Work request:
After locating the line that holds "Toddler villahuivi talvi", copy that line and all that follow it word for word through the end of the data, with no pictures.

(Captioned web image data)
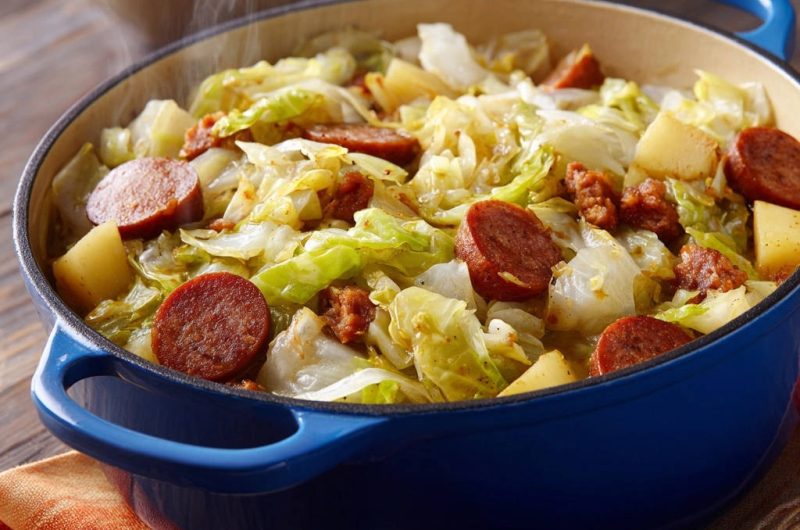 Hearty One-Pot Smoked Sausage & Cabbage Stew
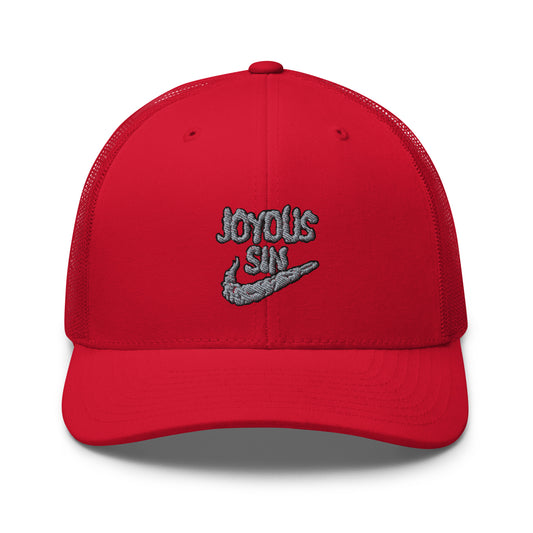 Joyous smoke trucker hat
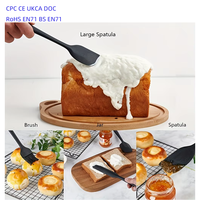 Ensemble de spatules en silicone réutilisables, faciles à nettoyer, 6 pièces, résistantes à la chaleur, logo personnalisé, OEM ODM, outils de cuisine antiadhésifs pour la maison et la cuisine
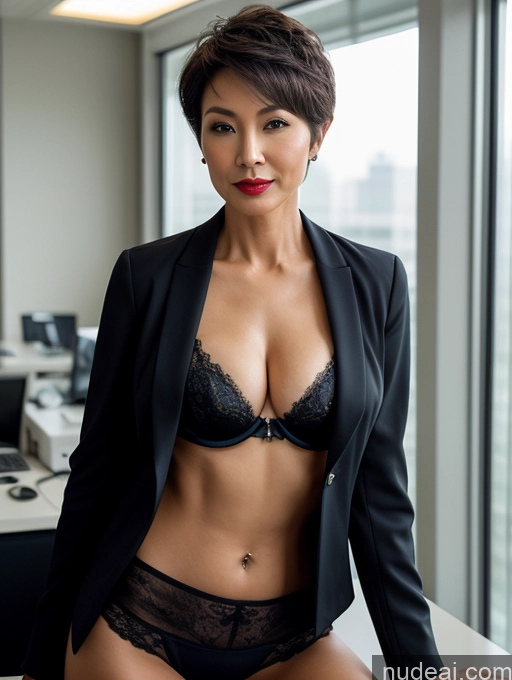 related ai porn images free for Milf Perfect Boobs Perfect Body Pubic Hair Beautiful Lipstick Sexy Face Chinese Bra Jacket Suit Stylish Professor Cleavage Dark Lighting Detailed Office Short Hair 50s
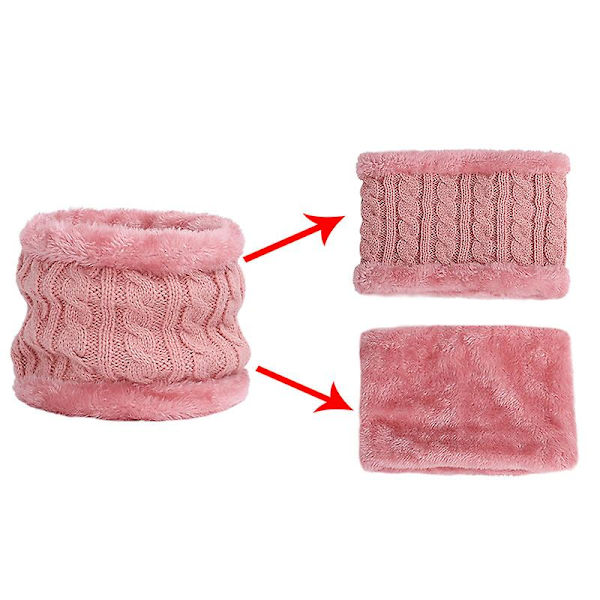 Toddler villahuivi talvi kierretty kashmir neulottu huivi vaaleanpunainen Pink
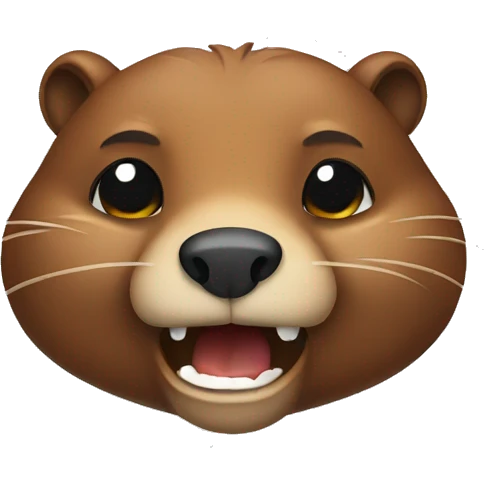crying beaver emoji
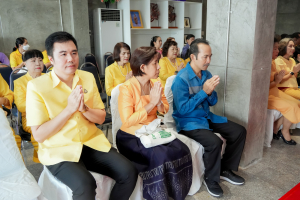 สำนักศิลปะและวัฒนธรรม จัดพิธีทำบุญทักษิณา เพื่อถวายเป็นพระราชกุศลและน้อมรำลึกในพระมหากรุณาธิคุณ รัชกาลที่ 9 เนื่องในวันนวมินทรมหาราช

Exercise answer:
 Toddler villahuivi talvi kierretty kashmir neulottu huivi vaaleanpunainen Pink
crying beaver emoji
 สำนักศิลปะและวัฒนธรรม จัดพิธีทำบุญทักษิณา เพื่อถวายเป็นพระราชกุศลและน้อมรำลึกในพระมหากรุณาธิคุณ รัชกาลที่ 9 เนื่องในวันนวมินทรมหาราช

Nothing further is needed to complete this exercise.